#### Your assignment:
Exact repetition of a range: find the line containing "Huisje In Het" and the line containing "邓弗里斯计划1月中旬回归米兰力争3月初恢复比赛状态" in the material below, then repeat both and all lines between them, leaving pictures out.

#### Data excerpts:
________________________________________

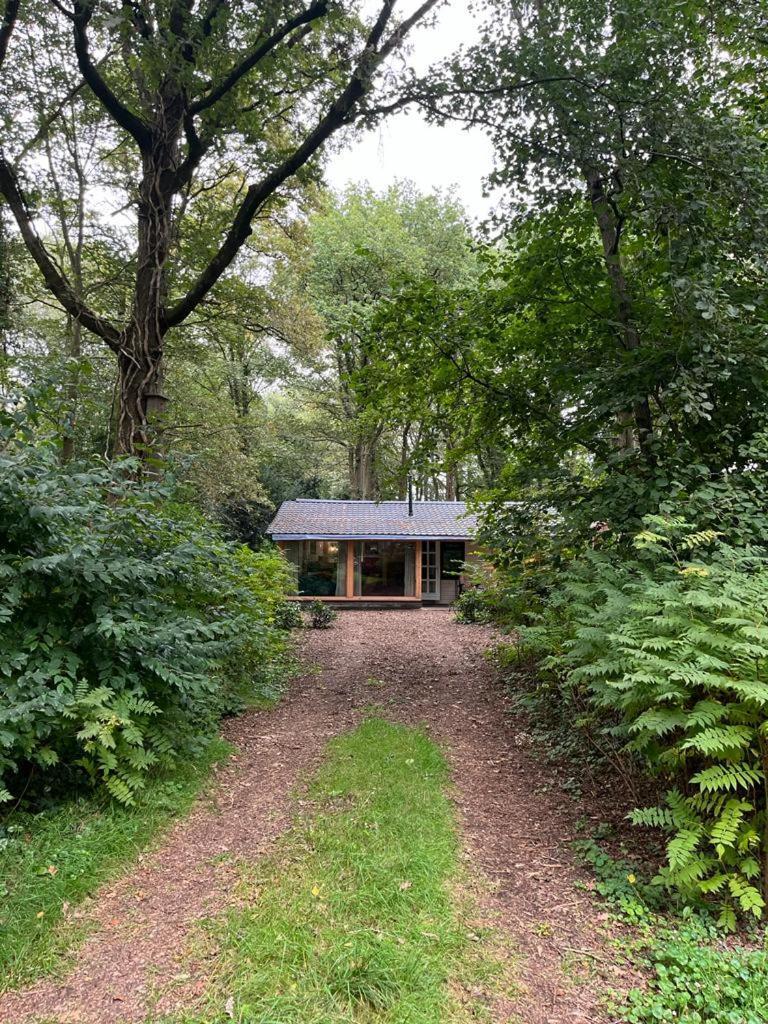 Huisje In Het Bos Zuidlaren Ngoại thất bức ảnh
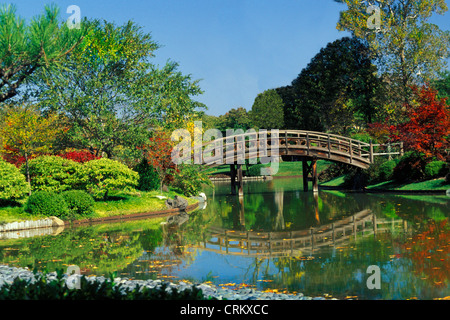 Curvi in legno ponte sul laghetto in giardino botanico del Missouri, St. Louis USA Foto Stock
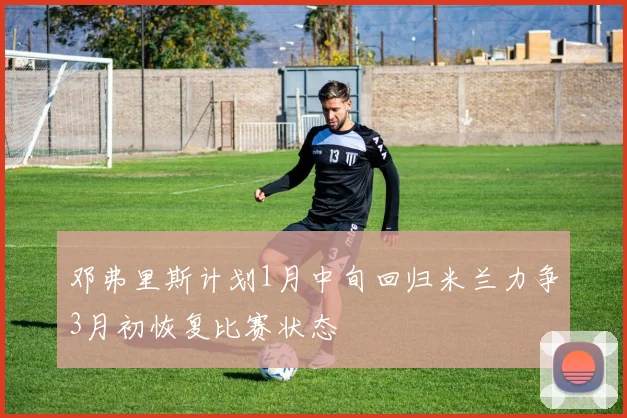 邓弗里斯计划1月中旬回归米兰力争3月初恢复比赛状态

________________________________________

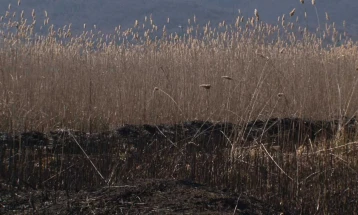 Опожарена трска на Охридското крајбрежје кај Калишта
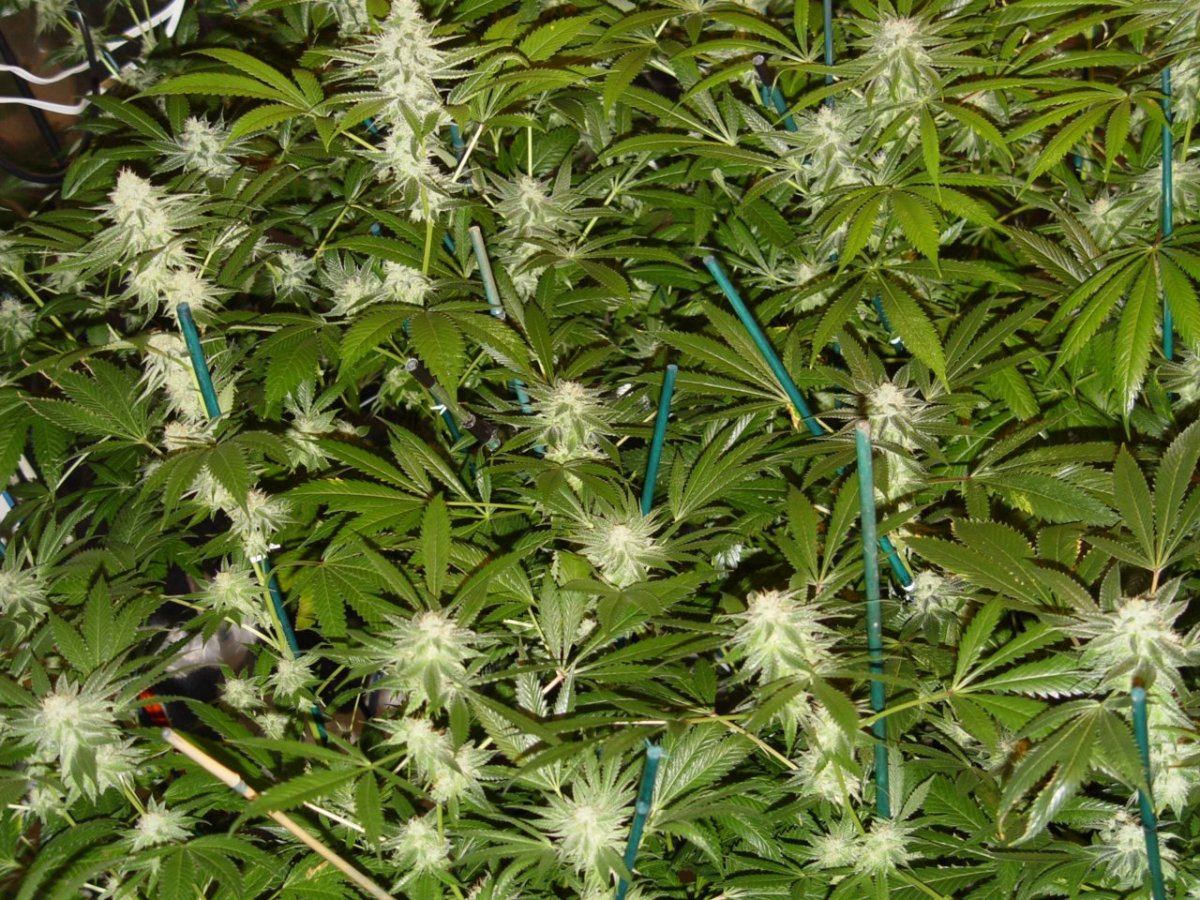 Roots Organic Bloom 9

________________________________________

#### Task result:
 Huisje In Het Bos Zuidlaren Ngoại thất bức ảnh
 Curvi in legno ponte sul laghetto in giardino botanico del Missouri, St. Louis USA Foto Stock
 邓弗里斯计划1月中旬回归米兰力争3月初恢复比赛状态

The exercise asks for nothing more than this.